The problem |
Restate the listing below word for word; no pictures belong in the copy.

Input data |
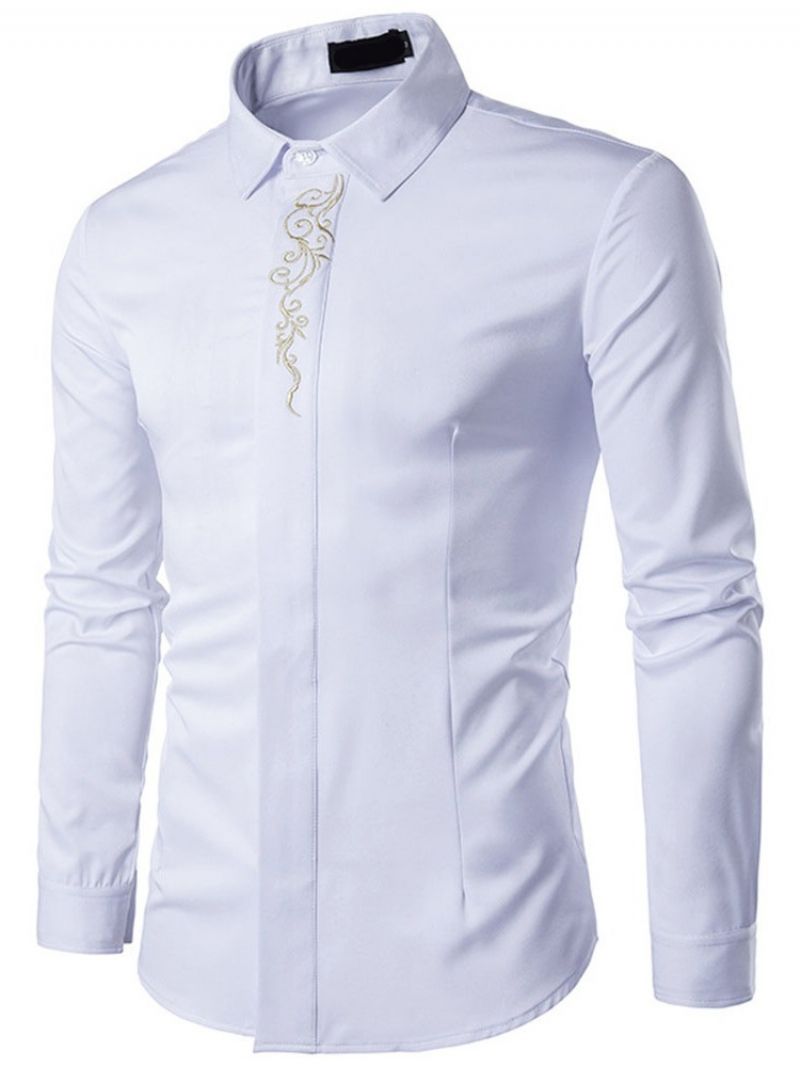 Lapel Floral Brodery Slim Spring Shirt Til Mænd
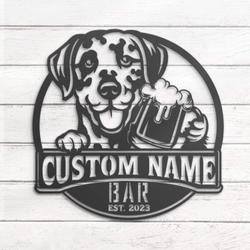 custom dalmador bar decor wall art led light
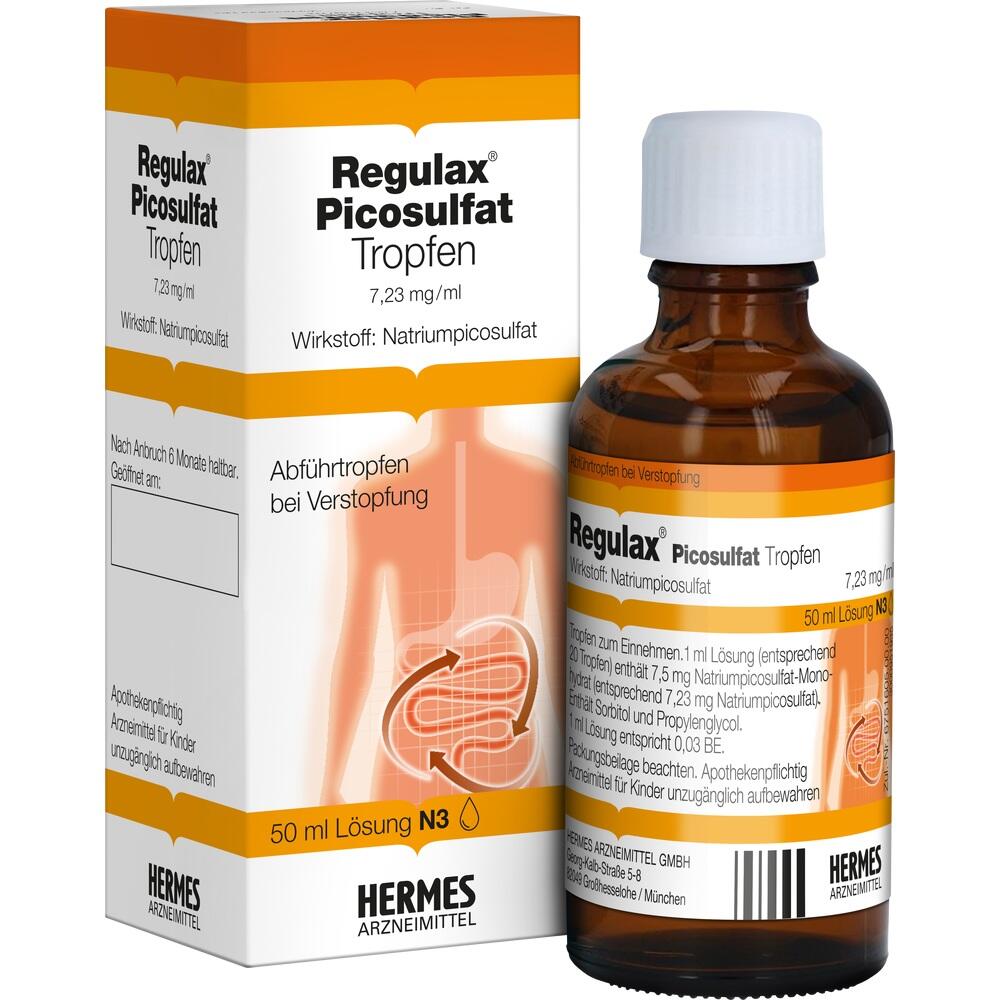 Braune Flasche mit einem Karton von Regulax Abführtropfen gegen Verstopfung.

Solution to the problem |
 Lapel Floral Brodery Slim Spring Shirt Til Mænd
 custom dalmador bar decor wall art led light
 Braune Flasche mit einem Karton von Regulax Abführtropfen gegen Verstopfung.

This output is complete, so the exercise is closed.